山田太一原作・脚本。荒廃したホテルを一流にするべく立ち上がった男性と、彼を取り巻くスタッフたちの奮闘を、数々のエピソードを挿入しながら爽やかに描いた物語。宿泊客に多彩なゲストを迎え、おかしく楽しく、時にはスリルとサスペンスを交えていく。出演は田宮二郎、由美かおる、潮哲也、池波志乃、古今亭八朝、徳川龍峰、尾藤イサオ、前田吟ほか。
エピソード1
#1
八ヶ岳で廃墟となっている"ハイランドホテル"を再建させるため立ち上がった面川清次(田宮二郎)は、従業員として、北上冬子(由美かおる)、高間麟二郎(益田喜頓)、鳥居ミツ(池波志乃)ら6人をスカウトする。面川から素晴らしいホテルだと聞かされてやって来た6人は、ハイランドホテルの荒廃ぶりに唖然。その後、ホテルの運用資金を持った大貫徹夫(前田吟)が現れ、「ホテルのフロント係を務める」と言い出し・・・。
エピソード2
#2
面川(田宮二郎)たちは、ホテルのオープンに向けて早速準備に取り掛かる。しかし、大貫(前田吟)は自分の意見を聞こうとしない面川に腹を立て、ついに別居中である面川の妻・祐子(三田佳子)の話をしてしまう。面川は酒に溺れ、祐子に愛想を尽かされてしまったのだ。祐子が面川に未練があることを知った彼女の父・大場専造(岡田英次)が、面川にホテルの再建を任せたらしいのだが・・・。
エピソード3
#3
コック長・高間(益田喜頓)が高額な食器を購入し、身元のわからない男・村田日出男(常田富士男)に仕入れを任せ、泥酔状態で帰宅した。
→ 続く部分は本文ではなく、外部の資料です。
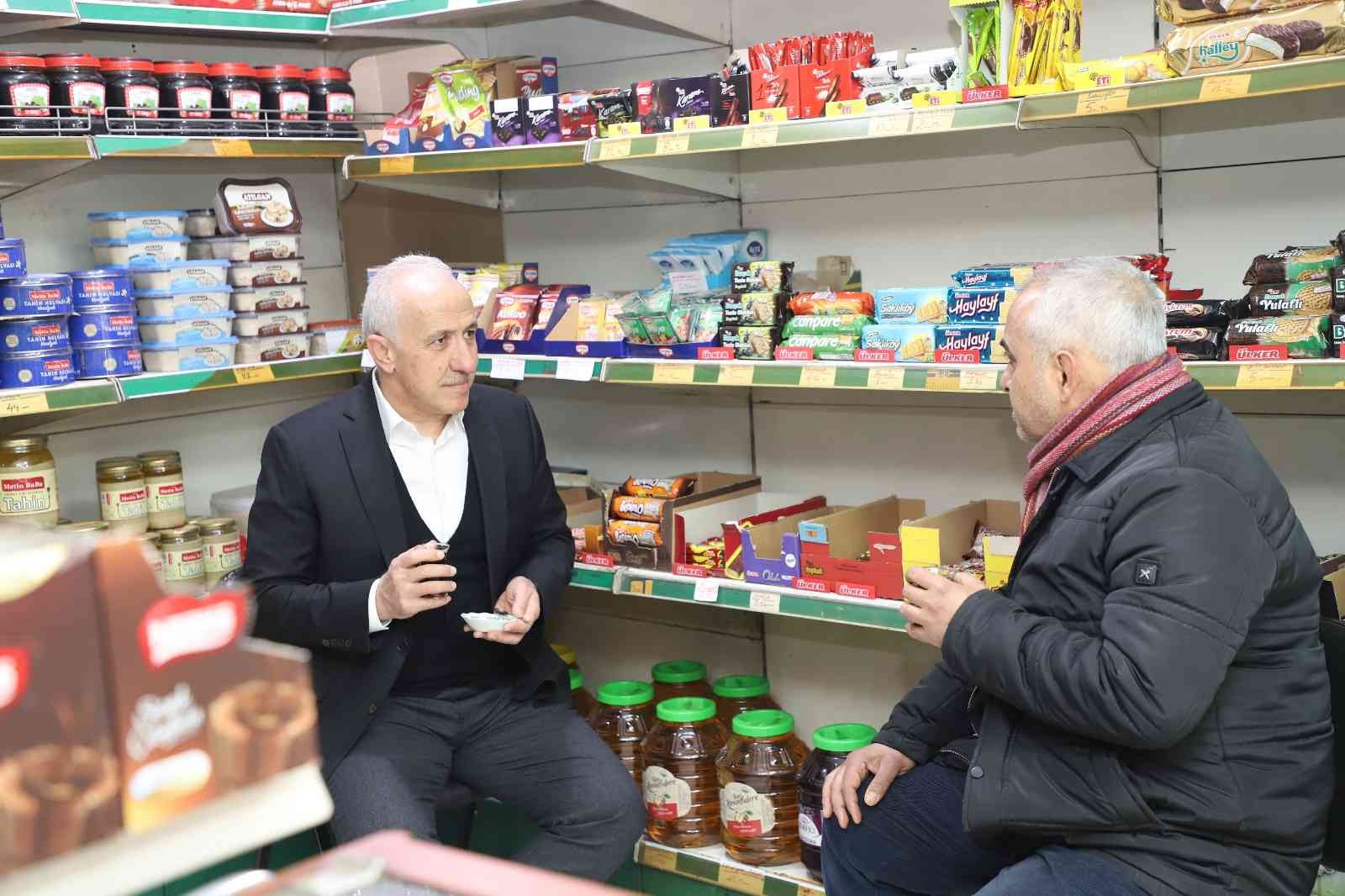 Başkan Gültak, esnafı ziyaret edip taleplerini dinledi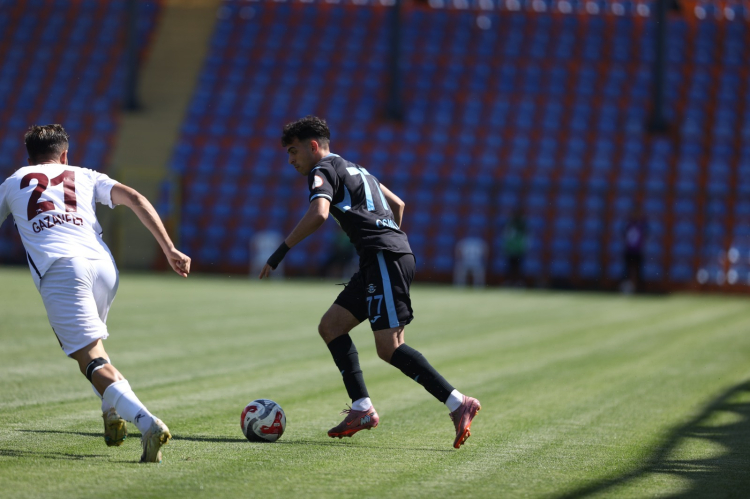 Trendyol 1. Lig Atakaş Hatayspor 4 - Adana Demirspor 0 3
さすがの面川(田宮二郎)も、ホテルの先行きに不安を感じ始める。高間はそんな面川に対し、食器は最低限度必要な物だったと告げ、料理に対するこだわりを語る。高間は大貫(前田吟)たちの疑いを晴らすため、全員の前でオムレツを作ることに。しかし、味見をした有馬フク江(北林谷栄)は高間に酷評を下す。
エピソード4
#4
ホテル開業当日、面川(田宮二郎)をはじめ一同が待つ中、ついに最初の団体客が訪れた。が、彼らはホテルに着くなり食堂で麻雀をはじめてしまった。その上、このホテルには麻雀をしに来ただけだと言い放ち、面川たちの言葉に全く耳を貸そうとしない。それでも最高のサービスを提供しようと考える面川に対し、団体客は怒り出してしまった。面川や高間(益田喜頓)は、激怒する客を落ち着かせようと試みるが・・・。
エピソード5
#5
雑用係の杉山七郎(尾藤イサオ)が、客に食ってかかった責任を取り、ホテルを辞めると言い出した。そんな中、面川(田宮二郎)は自らの過去を語り始める。面川は以前勤めていたホテルで横柄な客を殴り倒し、解雇になったと言う。一方、全く予約が入らないことを心配した大貫(前田吟)は、面川に東京での営業を強く勧める。翌日、面川は東京でホテルの売込みを開始するが・・・。
エピソード6
#6
八ヶ岳高原ホテルを取材したいと申し出た週刊誌記者・柳田(杉浦直樹)を迎えるにあたり、面川(田宮二郎)はある提案をする。柳田にいい印象を与えるため、偽の客を作り出そうと言うのだ。一同は面川の意見に賛成し、フク江(北林谷栄)を大富豪の宿泊客に見たてることとなる。当日、柳田から他の宿泊客について尋ねられた面川は、思わず「流行作家も泊まりに来ている」と嘘をついてしまい・・・。